AI has the potential to revolutionize many aspects of our lives, from healthcare and transportation to entertainment and finance. However, with this great power comes great responsibility. Ensuring that AI is safe and aligned with human values is crucial to avoid unintended consequences and negative impacts on society.

Examples:

  • Deepfakes: Deepfakes are AI-generated videos or images that can be used to manipulate public opinion or defame individuals. They have already been used to spread false information and create fake news. A recent NPR article highlights technical and policy challenges.
  • Autonomous Vehicles: Self-driving cars are becoming more common on our roads, but there are still concerns about their safety and ability to make ethical decisions in complex situations. The National Highway Traffic Safety Administration identifies autonomous vehicle safety as one of four core topics for technology and innovation.
  • Bias: AI algorithms can be biased if they are trained on biased data. This can lead to discrimination and unfair treatment of certain groups. The National Institute of Standards and Technology comments on the scope and challenge of AI bias.
  • Explainability and Interpretability: Certain applications of AI must justify critical decisions or earn the trust of users through transparency. Meanwhile, popular focus continues to trend toward increasingly large and complex black-box models. IBM discusses the value of explainable artificial intelligence (XAI).

2. Green/Sustainable AI/ML

Resource constrained AI. How can we leverage smarter AI without consuming compute and energy resources at unsustainable rates?

As the size of models has increased and their use become more widespread, concerns about sustainability have emerged. To ensure long-term cost-effectiveness and minimize environmental impact, it is essential to explore ways to leverage smarter AI without consuming resources at unsustainable rates.

Examples:

  • Energy Consumption: For large models, both training and inference consume substantial amounts of energy. This is costly, limiting the ways these models can be practically deployed. Energy consumption is also associated with carbon emissions. An article by MIT Technology Review summarizes energy and emissions concerns.
  • Hardware: Expensive hardware such as GPUs or TPUs is required for large models. A CNBC article notes that the primary data center GPU from NVIDIA costs $10,000, and more recent high-end chips can cost several times that. Frequent upgrades and replacements also result in electronic waste (e-waste) that poses environmental hazards.
  • Data Costs: Collecting and preparing a sufficient amount of training data also comes with labor, computation, and storage costs. Techniques that reduce data-related costs can improve the sustainability of developing AI systems.

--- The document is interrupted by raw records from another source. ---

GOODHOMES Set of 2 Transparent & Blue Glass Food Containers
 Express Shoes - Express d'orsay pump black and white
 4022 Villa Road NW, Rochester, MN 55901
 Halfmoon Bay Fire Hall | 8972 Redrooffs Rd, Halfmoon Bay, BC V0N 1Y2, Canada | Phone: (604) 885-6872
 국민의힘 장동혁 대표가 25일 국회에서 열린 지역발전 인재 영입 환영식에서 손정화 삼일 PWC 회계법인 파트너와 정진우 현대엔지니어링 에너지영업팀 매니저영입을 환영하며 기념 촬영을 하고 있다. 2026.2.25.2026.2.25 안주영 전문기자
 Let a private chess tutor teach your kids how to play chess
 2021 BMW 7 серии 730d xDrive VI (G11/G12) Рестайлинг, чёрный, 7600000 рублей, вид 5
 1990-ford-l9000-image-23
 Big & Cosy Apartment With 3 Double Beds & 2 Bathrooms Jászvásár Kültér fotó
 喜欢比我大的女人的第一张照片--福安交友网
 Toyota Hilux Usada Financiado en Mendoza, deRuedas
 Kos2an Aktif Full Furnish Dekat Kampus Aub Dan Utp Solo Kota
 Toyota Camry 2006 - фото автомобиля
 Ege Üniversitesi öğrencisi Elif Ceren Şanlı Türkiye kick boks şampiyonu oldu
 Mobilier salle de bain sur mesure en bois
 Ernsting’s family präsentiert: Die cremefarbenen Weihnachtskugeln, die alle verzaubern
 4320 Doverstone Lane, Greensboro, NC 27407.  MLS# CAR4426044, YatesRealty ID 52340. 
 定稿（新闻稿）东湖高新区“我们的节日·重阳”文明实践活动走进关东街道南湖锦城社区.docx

3. Reducing ML Development Cycle Time

How can we get fast prototypes? Reactionary AI? Generalized problem solving?

Building specialized AI systems requires a large amount of time and effort from a limited pool of experts. Improving accessibility to AI by reducing these barriers and avoiding common errors can make AI more impactful in a more diverse range of applications.

Examples:

  • Automatic Design: Automated Machine Learning (AutoML) and automatic hyperparameter tuning can dramatically reduce design effort and development time. For example, see the Auton Lab’s own AutoML system, AutonML.
  • Reactionary AI: Given ever changing environments, how can we create ML technology that can recognize and react to fundamental shifts? How can models learn from a small number of counter-examples?
  • Generalized Problem Solving: Developing general solutions can reduce effort for specialized tasks, especially by reducing the amount and quality of data required for success in the target tasks. For example, transfer learning adapts models from one task to another related task, while foundation models are purpose-built to be fine-tuned for a wide range of tasks.
  • Collaboration and Resource Sharing: Establishing open platforms for collaboration and knowledge sharing among ML practitioners, researchers, and industry experts accelerates learning and promotes best practices. Sharing code, datasets, and research findings can help others build upon existing work, reducing duplication of effort.

4. Patient Safety

How can we ensure models are not racially biased?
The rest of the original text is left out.